* _TASK INSTRUCTIONS_
Without the pictures, repeat all of the data exactly as it appears below.

* _PROVIDED MATERIAL_
◆ ◆ ◆
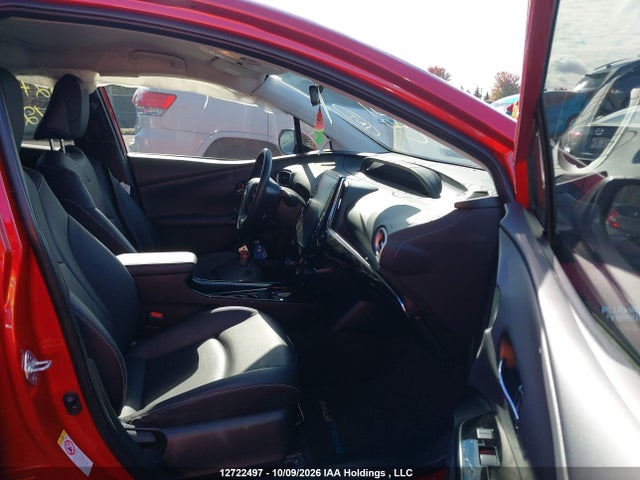 Toyota Prius Prime Upgrade 2022 JTDKAMFP0N3200352 Image 5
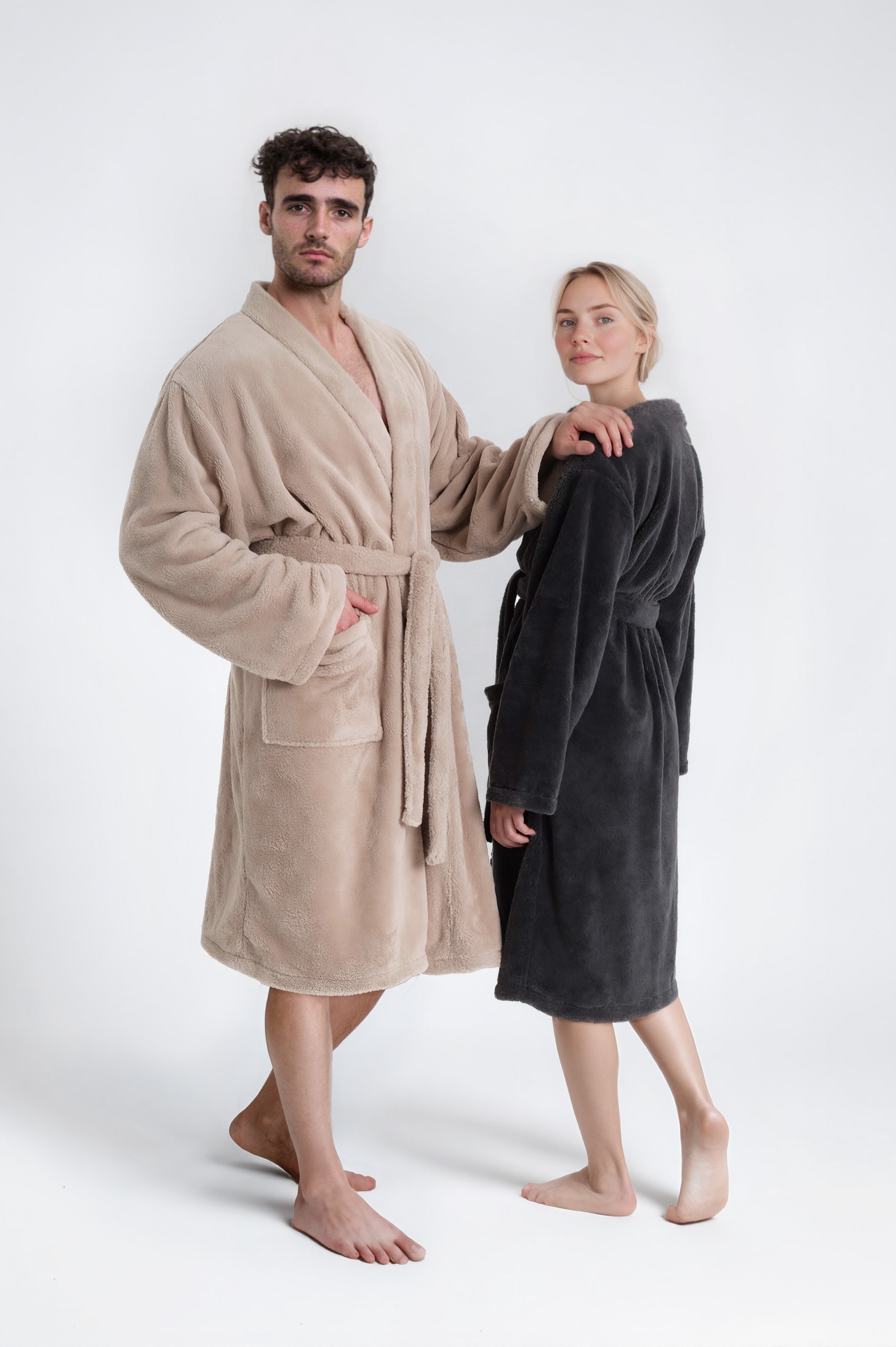 OTTO home Unisex-Bademantel "Lillou Kimono, ideal für Sauna & Spa, Hotelbademantel, Morgenmantel" 1 Stk. kuschelig weicher Fleece, plüsch, für Damen und Herren, XS-3XL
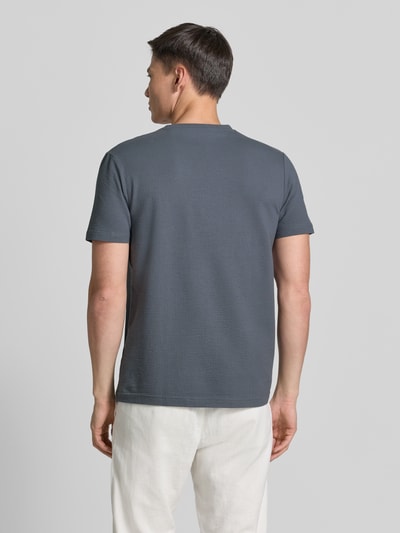 Männermodel trägt T-Shirt mit Strukturmuster und Logo-Stitching von Lerros in Grau, Baumwoll-Mix mit Stretch-Anteil, Regular-Fit, Rückenlänge 75 cm, Ganzkörperansicht Rückansicht.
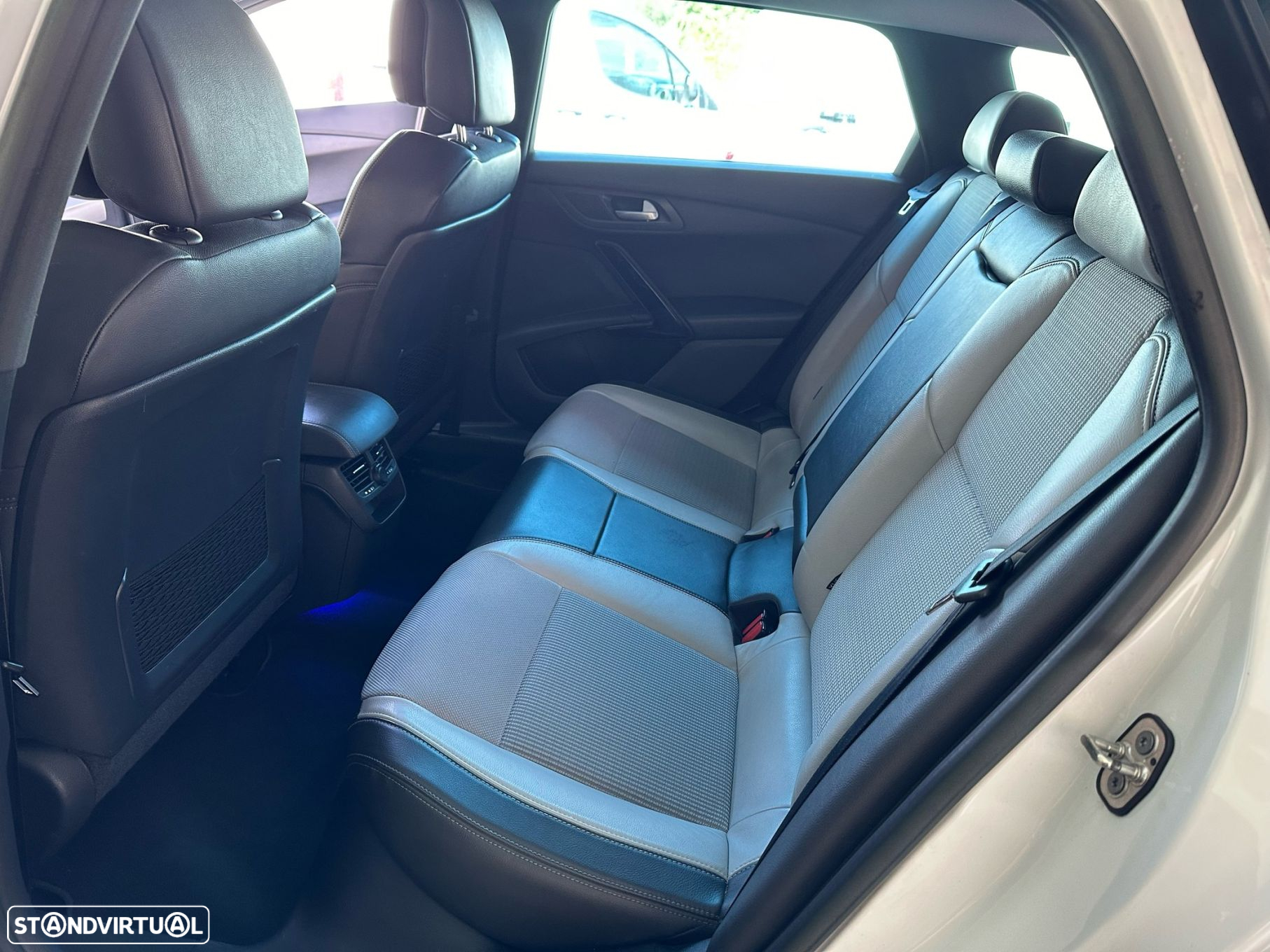 Peugeot 508 RXH - 16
◆ ◆ ◆
* _ANSWER_
 Toyota Prius Prime Upgrade 2022 JTDKAMFP0N3200352 Image 5
 OTTO home Unisex-Bademantel "Lillou Kimono, ideal für Sauna & Spa, Hotelbademantel, Morgenmantel" 1 Stk. kuschelig weicher Fleece, plüsch, für Damen und Herren, XS-3XL
 Männermodel trägt T-Shirt mit Strukturmuster und Logo-Stitching von Lerros in Grau, Baumwoll-Mix mit Stretch-Anteil, Regular-Fit, Rückenlänge 75 cm, Ganzkörperansicht Rückansicht.
 Peugeot 508 RXH - 16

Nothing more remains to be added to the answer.